Há algum risco real para a economia? O Sinal-RJ sabe que apenas argumentos de natureza legal costumam embasar o trabalho do STF, que tem se mostrado imune a pressões. Contudo, ainda assim, gostaria de colocar em questionamento até mesmo o principal argumento de natureza econômica utilizado para pressionar os juízes do STF, a desculpa de sempre: o risco sistêmico.
Não se pode afirmar sem estudo mais sério que haverá risco sistêmico para a economia caso o STF acate positivamente os recursos dos poupadores. Uma vez que os pagamentos correspondentes às diferenças de rendimento, devidamente atualizadas, ainda permaneçam no sistema financeiro, não se afeta a condição anterior de liquidez do mercado no seu todo, apenas sua alocação. Os pagamentos aos credores devem ocorrer na moeda local: o real, de modo que os recursos financeiros continuam no sistema. Assim, não há problema de transferência de recursos em moedas distintas, como o que ocorreu quando da reparação de guerra por parte da Alemanha, como consequência do Tratado de Versalhes, e que levou aquele país a uma hiperinflação.
Caso o STF acate a tese dos poupadores, eles passariam a ter posse desse dinheiro, representando uma perda econômica para as instituições financeiras, mas não necessariamente um risco para toda a economia. Perdas e ganhos fazem parte do jogo do sistema econômico, devendo ser aceitos dentro das regras dadas. O STF é o juiz último dessas regras. Além disso, nada impede que essas instituições negociem com seus credores formas parceladas de pagamento, pois, para esse fim, não faltam instrumentos no sofisticado mercado financeiro brasileiro. Caso, naturalmente, o próprio STF não determine algum tipo de parcelamento.
Finalmente, o Sinal-RJ chama a atenção do STF e da nação brasileira para um risco mais real do que o propagado pelos possíveis perdedores dessa ação legal: o Risco Institucional. Esse risco se explicita quando os responsáveis pelo correto ordenamento jurídico do país passam a se pautar pelas flutuações das cotações de ativos do mercado financeiro.

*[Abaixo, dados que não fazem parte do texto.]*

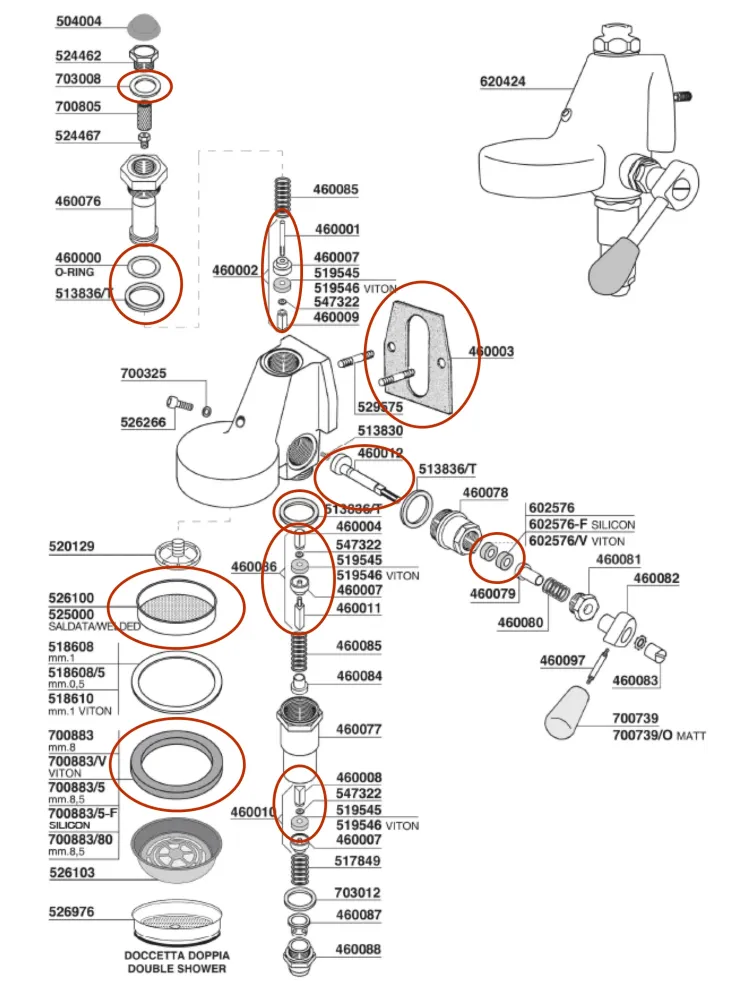 E61 Service Kit Compleet 8.5mm Van Pommeren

A consagração da separação de poderes e sua independência não são apenas palavras bem postas em nossa Constituição, mas devem se traduzir no dia a dia das decisões das principais autoridades dos três poderes. Como um investidor poderá confiar no retorno contratado de seus investimentos se alguma autoridade de plantão pode alterar as regras do jogo em andamento? Uma decisão que confirme a ilegalidade do expurgo feito sobre as cadernetas de poupança ajudará o país a avançar em suas relações econômicas, trazendo efeitos benéficos em prazos mais longos.